Lama Aya menjawab bahwa Karim adalah kakak tirinya dengan berbagai paradigma yang membuat Aya tersadarakan pedihnya menjadi manusia yang hidup sendiri dan dalam satu kurun waktu dibenci oleh adiknya. Sudah biasa Dini mendengar kisah anak yang terbuang, bahkan beberapa anak yang pernah ia bimbing mengalami hal serupa namun baru kali ini empatinya memanggil tangis.
“Di pesantren dulu, aku udah bisa ngertiin pemderitaannya, tapi baru sekarang aku bisa nerima dia. Dia ternyata membahagiakan. Andai masihada banyak waktu...” Aya terisak-isak lagi.
“Apa kamu...” ujar Dini yang terharu.
“Ih! Kamu nanya mulu, deh? Udah tau kalo aku lagi sedih, aku nggak mood ngomong,” Aya merebahkan tubuhnya ke sandaran sofa. “Dini! Dini!” Aya tiba-tiba memegang keras tangan Dini. “Coba kamu searching, saudara tiri itu mahram, bukan?”
“Kamu ngagetin, tau! Aku kira ada apa.”
“Ini apa-apalah! Aku nggak tau hukumnya. Haram atau dosa?”
“Haram atau dosa? Kamu ngaco ngomongnya.”
“Udah searching cepetan! Tangan aku lagi lemes,” sergah Aya dengan wajah gusar yang kuyup oleh air mata.
“In syaa Allah tanpa aku searching, aku bisa jawab.”
“Apa, dong?”
“Haram, sih, setau aku.”
“Hhhh...” desah Aya. “Astaghfirullaah,” katanya pelan.

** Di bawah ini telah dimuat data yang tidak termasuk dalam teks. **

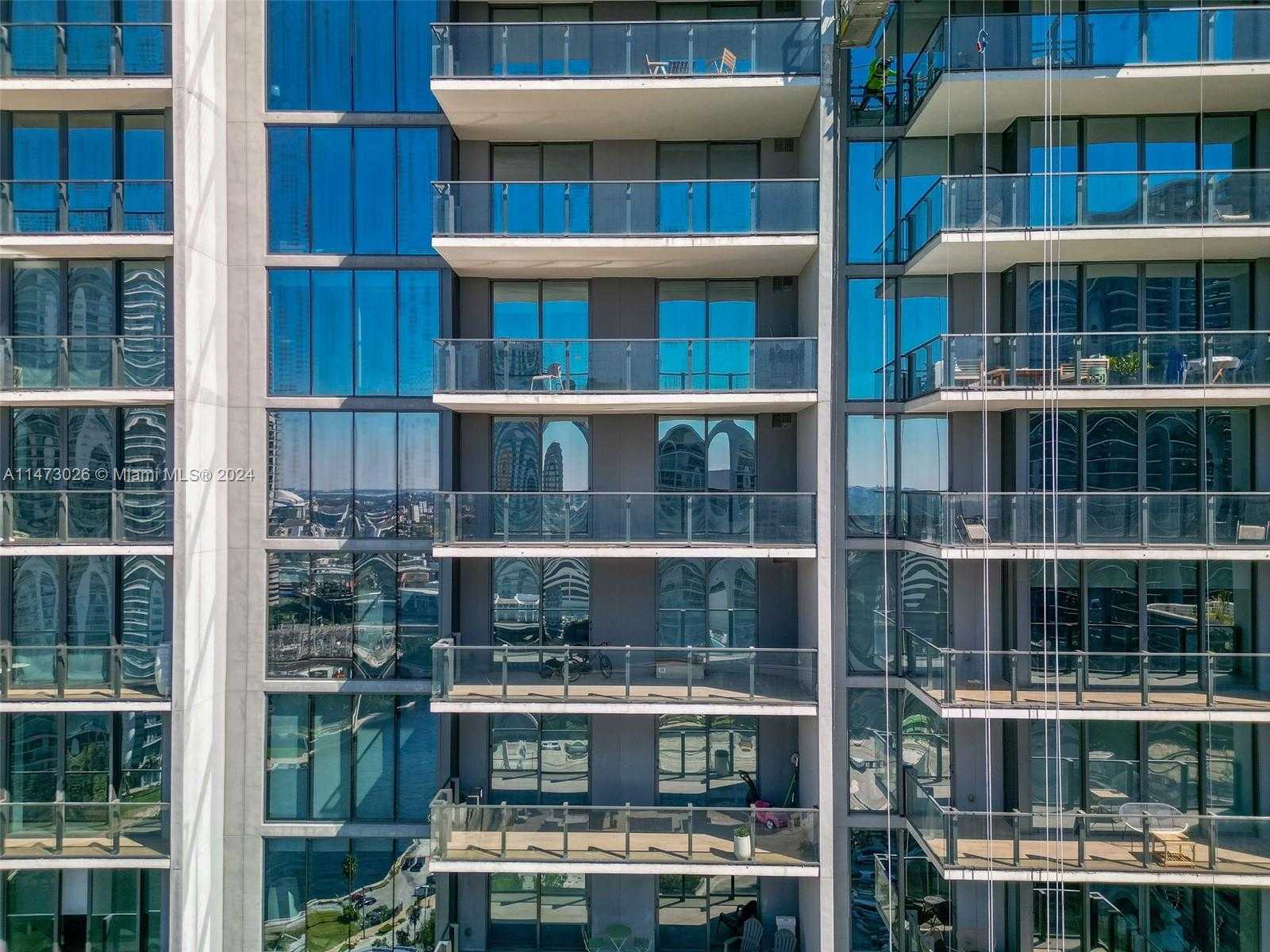 Small Image of 68 SOUTH EAST 6TH ST #2410, Miami Number 31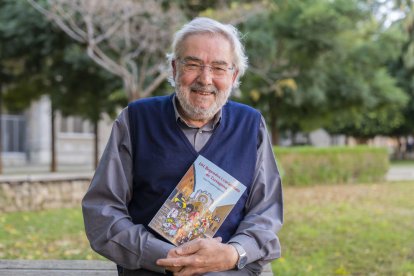 Joan Noguera amb el llibre on desgrana un centenar de llegendes tarragonines.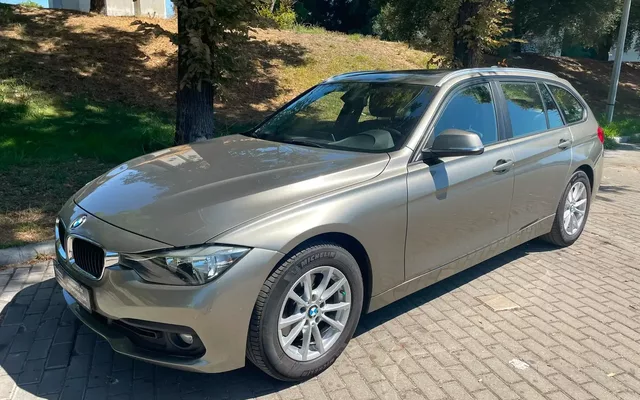 BMW 320 d Line Luxury Auto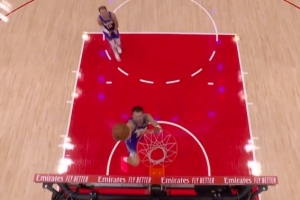 这不扣一个?东契奇快攻无人防守庶民上篮得分 自己都笑了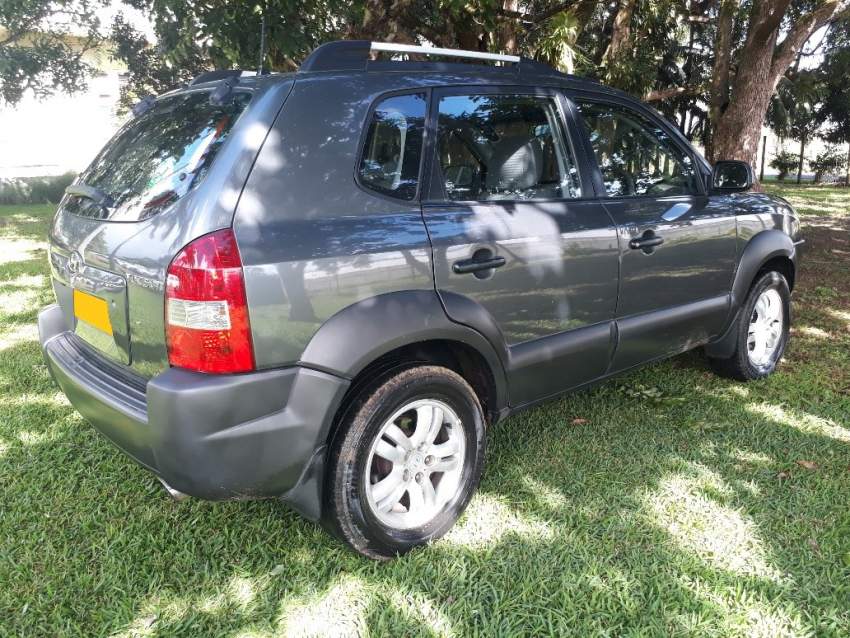 2007 Hyundai Tucson 2.0 - 3 - SUV Cars  on Aster Vender
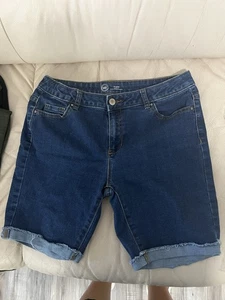 Wonder Nation Size 14 Girl's Denim Blue Short's 71% Cotton - Picture 1 of 10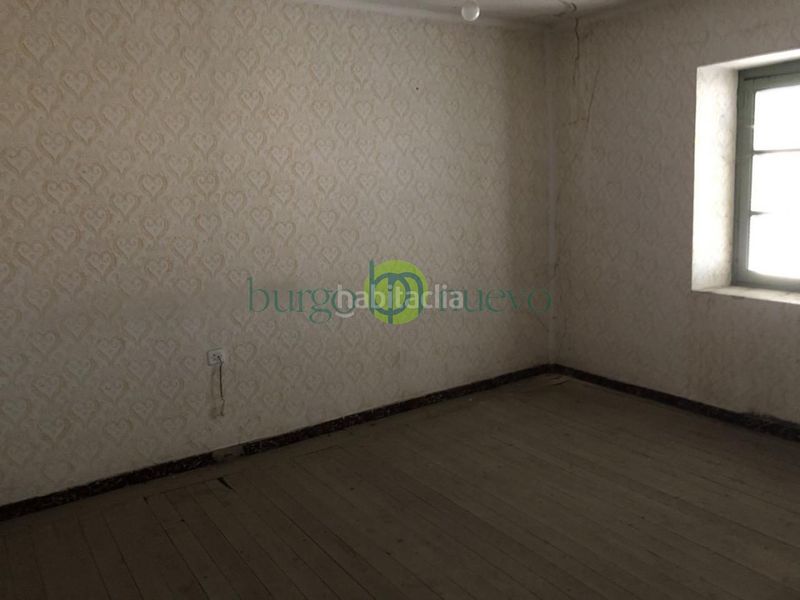 Foto 57cd8e57-c2e7-4294-9d16-cd762ce5526c. Casa amb calefacció aparcament a Cuadros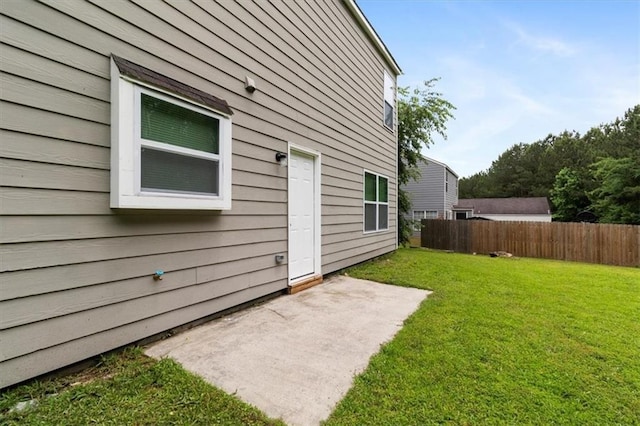 3915 Cypress Pointe Dr, Union City, GA 30291 - view of yard with a patio area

Lalu Aya tersentak lagi, Dini terhenyak kembali. Aya sepertinya mencari sesuatu. Segitunyakah kegundahan yang dirasakan Aya sampai-sampai terlihat seperti sedang depresi?
“Apalagi, sih, Aya?”
Aya belum menjawab, Rinan lewat dengan membawa teko penuh air minum. Belakangan ini sebenarnya ia tak suka untuk mengangkat benda yang kendati hanya berat sedikit. Namun Rinan tetap datar dan tetap menjadi pusat perhatian keluarganya.
“Kalau aku ngomel atau berisik, dia pasti teriakin nama almarhum papa aku. Akhirnya, aku diem. Hhh... tapi sekarang dia berubah.”
“Apa kamu tau karena apa?” tanya Dini meski ia telah lelah menanyakan itu. Aya sendiri sudah paham seratus persen setelah di pemakaman tadi. Ternyata ada dua hal yang mengubah kepribadian Rinan; pekerjaan dan cinta. Keduanya menyatu dalam kata `masa depan`. Namun Aya tak mampu menjawab Dini untuk hal yang kedua. Lalu Aya kembali dengan permasalahan yang sebelumnya.